How to declare type guard dynamically in typescript?

Question

I want to set type guard dynamically depends on array elements

Working on strategy pattern in typescript. here is the code

class StrategyManager {
  strategies: Strategy[]
  constructor() {
    this.strategies = []
  }

  addStrategy(strategy: Strategy) {
    this.strategies.push(strategy)
  }

  getStrategy(name: <dynamic>) { // this is where I need dynamic type guard
    return this.strategies.find((strategy) => strategy.name === name)
  }
  
}

Suppose strategies are added like so:

const sm = new StrategyManager()
sm.addStrategy({name:'foo'})
sm.addStrategy({name:'bar'})

Then;

while getting strategy using sm.getStrategy. I need name parameter of type 'foo' | 'bar'

Thus intellisense will throw error like so:

sm.getStrategy('baz') // Intellisense error: `Argument of type '"baz"' is not assignable to parameter of type '"foo" | "bar"'`

Answer 1

Inspired by @ChisBode's comment, you can achieve this if you alter your implementation as follows.

Instead of using a mutable object that builds up an array value via successive mutations, you can design your strategy manager as an immutable object that builds up an array type via successive transformations.

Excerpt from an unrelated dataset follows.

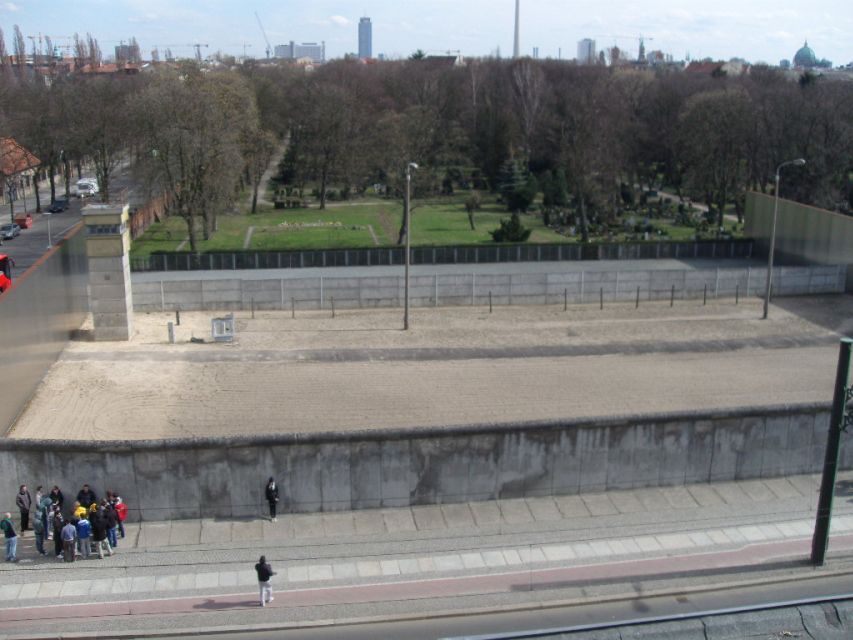 Berlin Wall History Small Group Cycling Tour - Checkpoint Charlie and the final central stops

Here's a working prototype:

class StrategyManager<N extends Strategy['name'] = never> {
  strategies: (Strategy & { name: N })[] = [];

  withStrategy<S extends Strategy>(strategy: S): StrategyManager<N | S['name']> {
    const result = new StrategyManager<N | S['name']>();
    result.strategies = [...this.strategies, strategy];
    return result;
  }

  getStrategy<T extends N>(name: T) {
    return this.strategies.find(
      (strategy): strategy is typeof strategy & { name: T } => strategy.name === name
    );
  }
}


new StrategyManager()
  .withStrategy({ name: 'bar' })
  .getStrategy('foo')?.name // error as desired

new StrategyManager()
  .withStrategy({ name: 'bar' })
  .getStrategy('bar')?.name // ok; typeof name is 'bar' | undefined


new StrategyManager()
  .withStrategy({ name: 'bar' })
  .withStrategy({ name: 'foo' })
  .getStrategy('foo')?.name // ok; typeof name is 'foo' | undefined

type Strategy = { name: 'foo' | 'bar' };

Playground Link

Notes:

1. Each withStrategy call returns a new object with a type that is further refined.

2. The constraint doesn't need to involve the Strategy type, it could be an arbitrary string.

3. Since we are following an immutable design pattern, we should really ensure that the strategies array underlying the manager cannot be modified via other means. To accomplish this, we can transition from a class to a factory, obtaining hard privacy via closures and reducing the amount of code we have to write as a bonus:

   function strategyManager<N extends Strategy['name'] = never>(
     strategies: (Strategy & { name: N })[] = []
   ) {
     return {
       withStrategy<S extends Strategy>(strategy: S) {
         return strategyManager<N | S['name']>([...strategies, strategy]);
       },
       getStrategy<T extends N>(name: T) {
         return strategies.find(
           (strategy): strategy is typeof strategy & { name: T } => strategy.name === name
         );
       }
     };
   }
   
   strategyManager()
     .withStrategy({ name: 'bar' })  
     .getStrategy('foo')?.name // error as desired
   
   strategyManager()
     .withStrategy({ name: 'bar' })  
     .getStrategy('bar')?.name // ok; typeof name is 'bar' | undefined
   
   
   strategyManager()
     .withStrategy({ name: 'bar' })
     .withStrategy({ name: 'foo' })
     .getStrategy('foo')?.name // ok; typeof name is 'foo' | undefined
   
   type Strategy = { name: 'foo' | 'bar' };
   

   Playground Link

4. You could also achieve encapsulation via the Stage 3 ECMAScript private fields proposal but closures are supported in more environments and are simple and battle tested.

Answer 2

This can't be done as described.

Typescript can't keep track of all possible things you've added, because it doesn't really run your code. If any string value can be used at runtime, then typescript cannot possibly help you constrain that type.

What if you had?

sm.addStrategy(await getAsyncStrategyFromServer())

The type system can't know what what name that will have because it can't be known at compile time. The compiler can't help you with something the compile doesn't know.

---

You have to think of what is a compile time type error, and what is a runtime error.

In this case, at compile time, string is the right type anywhere there is a strategy name. This is because, as you say, name can be any string.

But it's a run time error if you get a strategy name that has not been added, because strategies are added dynamically at run time. Which means you handle that error with logic, and not with the type system.

  getStrategy(name: string) {
    const strategy = this.strategies.find((strategy) => strategy.name === name)
    if (strategy) {
      return strategy
    } else {
      // or something.
      throw new Error(`Strategy with name: ${name} not found`)
    }
  }